ISTANBUL (Kurdistan 24) – Turkey’s opposition candidate for the mayor of Istanbul, Ekrem Imamoglu, on Thursday said that if elected, his municipal administration would provide Kurdish language courses.

“The Kurdish language and songs are a part of Turkey’s societal unity,” Imamoglu of the main opposition Peoples' Republican Party (CHP) told Kurdistan 24 at an electoral event less than two weeks before the re-run elections in Istanbul. “Kurdish language courses and even more should be provided, depending on demand.”

“Whatever I think for my Kurdish citizen’s child, I think the same for my Turkish citizen’s child,” he added.

“I am this clear.
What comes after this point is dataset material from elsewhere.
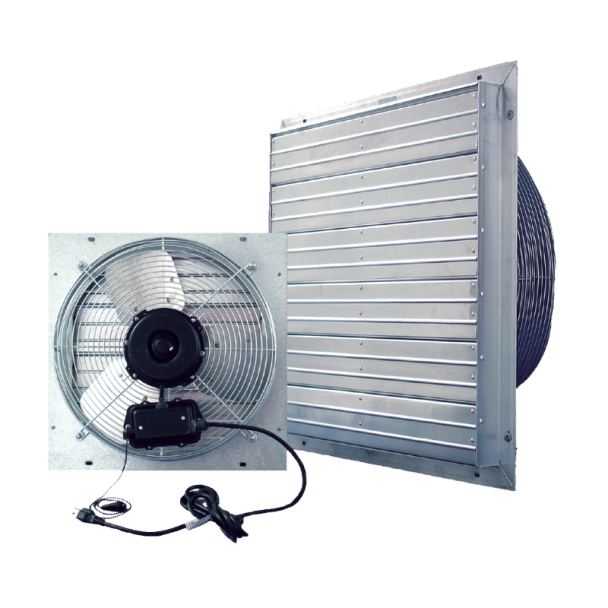 J&D 12” Indoor/Outdoor Shutter Fan, Direct Drive, 1,100 CFM, 1PH, 115V with 9” Cord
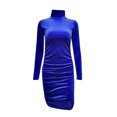 thumbnail image 4 of Gspmoly Robes pour Femmes Grande Taille, Mode Robe Décontractée pour Femmes à Manches Longues Unie Dames en Velours Doré à Col Montant Mi-Haut Robe Ajustée Robes de Soirée pour Femmes Offres, 4 of 6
I know my Kurdish citizenry will decide [in the election] with its mind, heart, moral virtues, and sense of justice.”

In the highly centralized Turkey, education, including school curricula, all over the county is organized and regulated by the Ankara government. Municipalities retain less power but still can offer training for jobs, cultural events, and language teaching programs.

Kurdish women dance during a Newroz celebration in Istanbul, Turkey, March 21, 2017. (Photo: Reuters)
Kurdish women dance during a Newroz celebration in Istanbul, Turkey, March 21, 2017. (Photo: Reuters)
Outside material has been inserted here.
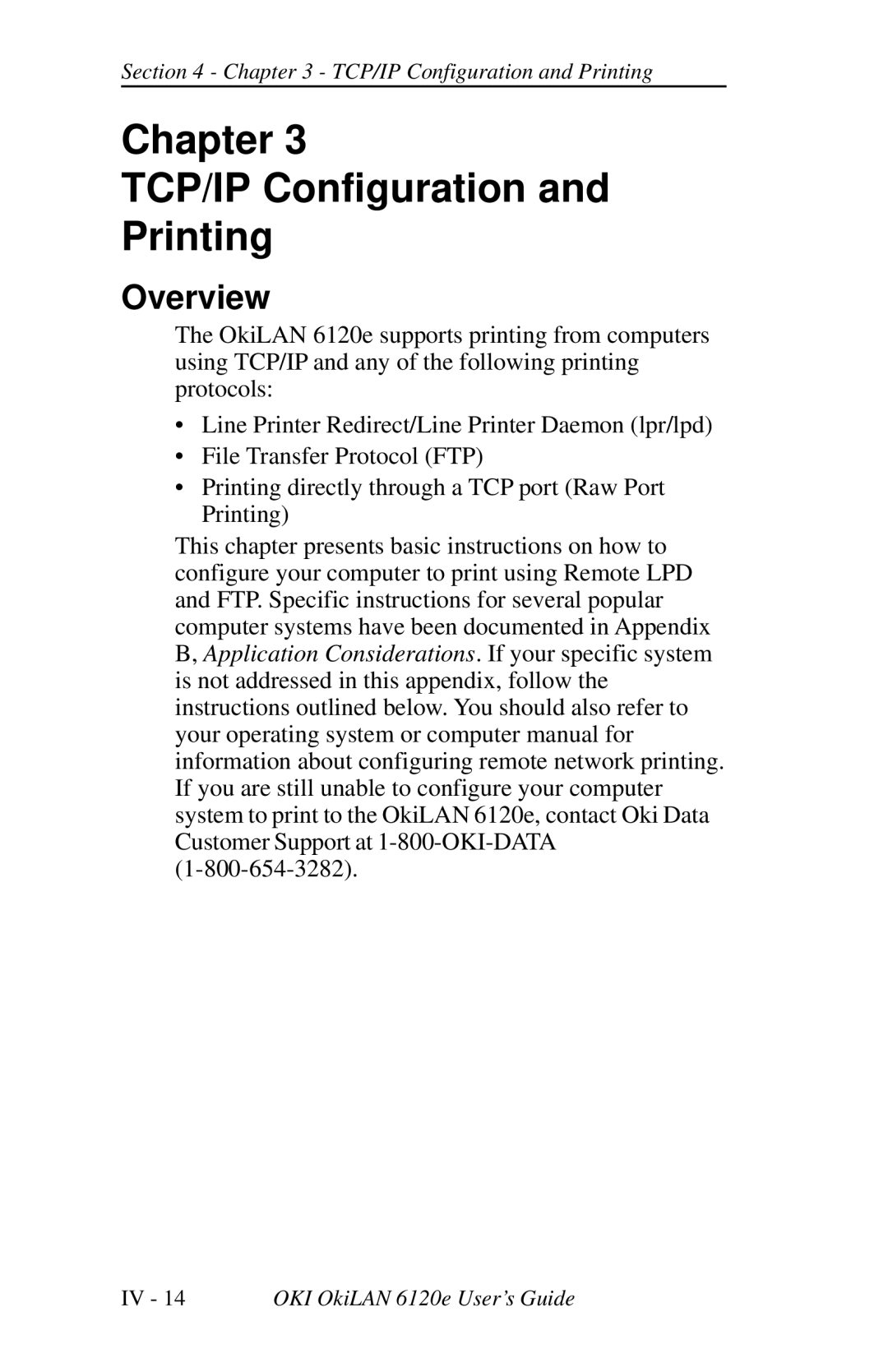 Oki 6120E manual Chapter TCP/IP Configuration Printing, Overview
Istanbul, with its 16 million residents, is also home to the world’s largest Kurdish population thought to be around four million, more than any other city in the world, including those in Kurdistan.

It is sometimes unofficially nicknamed “Kurdistanbul” by the Kurds, and Kurdish dialects constitute the second most widely used language after Turkish.

Although Kurdish history in the city dates back to its 15th-century Ottoman capture from the Eastern Roman Empire, successive mass migrations have multiplied the number of Kurds there, largely thanks to Istanbul’s attraction as Turkey’s central economic powerhouse.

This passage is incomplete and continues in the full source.